David Hughes on why Foucault still matters

The Life and Science of Léon Foucault: The man who proved the Earth rotates By William Tobin, Cambridge University Press, £40/$60, ISBN 0521808553 Reviewed by David Hughes

A VERY long pendulum has kept Léon Foucault famous. But as William Tobin’s thorough, readable and beautifully illustrated biography reveals, there was much more to this self-taught French 19th-century experimental physicist.
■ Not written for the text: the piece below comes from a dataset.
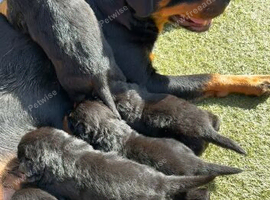 Rottweiler puppies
Foucault (1819-1868) began his adult life as a happy amateur, with science as a Sunday recreation. After spending 10 years supporting himself as a science journalist, he passed his last 12 years as a government employee at the Paris Observatory. His acceptance by the Academy of Science was hindered by enmities engendered by the honest bluntness of his newspaper comments.

But the public were entranced by his pendulum. A 28-kilogram bob was suspended by a 67-metre wire from the dome of the Panthéon in Paris. The slow rotation of the swing plane proved what had for many years been merely assumed: that the Earth, not the sky, was spinning.

Foucault was also a pioneer photographer. He worked with Hippolyte Fizeau to measure the velocity of light to one part in 600, designed accurate gyroscopes, and single-handedly turned the art of polishing large glass telescope mirrors into a science.His mirror knife-edge test became a vital test for telescope optics, and is still an easy way to correct the shape of small telescope mirrors.

Foucault’s bachelor existence was plagued with worry that he had inherited his father’s madness, but multiple sclerosis brought about his untimely death. This unconventional experimenter springs back to life in the pages of this excellent book.